--- What to do ---
Copy exactly the lines starting at the one that contains "Townhouse for rent" and running through the end of the material below. Exclude any pictures.

--- Available data ---
== Segment start ==

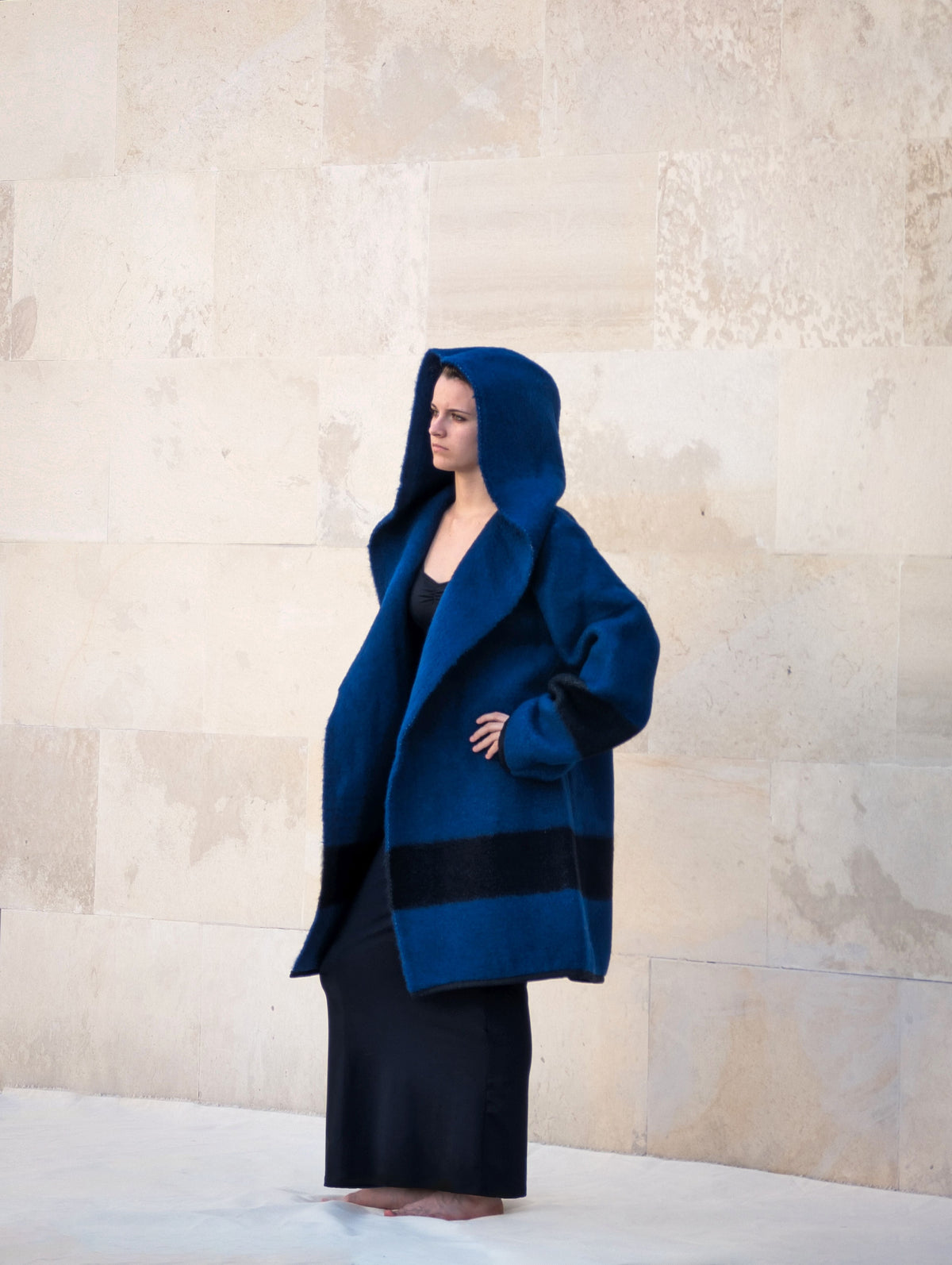 A woman wearing a modern minimalistic  hooded blanket coat in navy blue. 
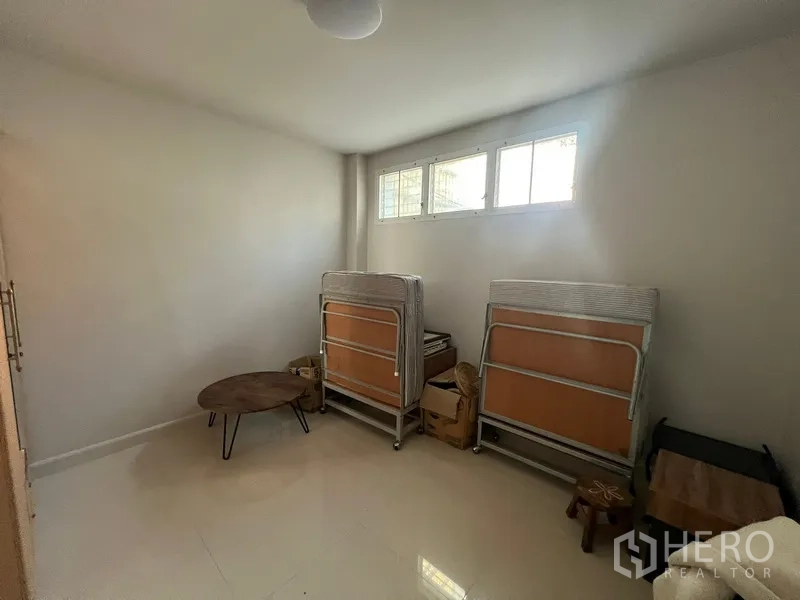 Townhouse for rent in Din Daeng, Bangkok - Multi-purpose room with small high windows and stored folding beds.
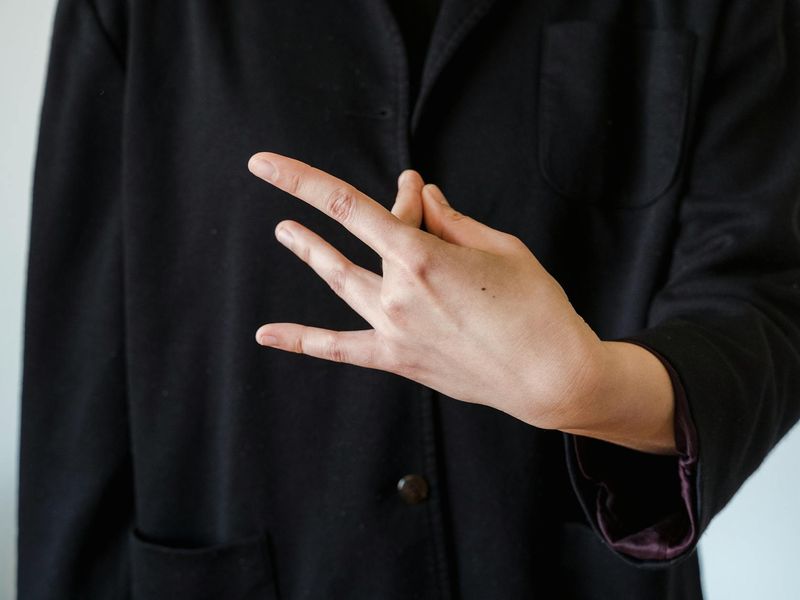 Close-up of a person's hands in a meditative mudra position.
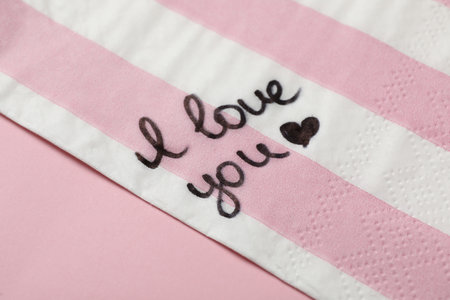 Napkin with handwritten message I Love You on pink tableの写真素材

== Segment end ==

--- Exercise result ---
 Townhouse for rent in Din Daeng, Bangkok - Multi-purpose room with small high windows and stored folding beds.
 Close-up of a person's hands in a meditative mudra position.
 Napkin with handwritten message I Love You on pink tableの写真素材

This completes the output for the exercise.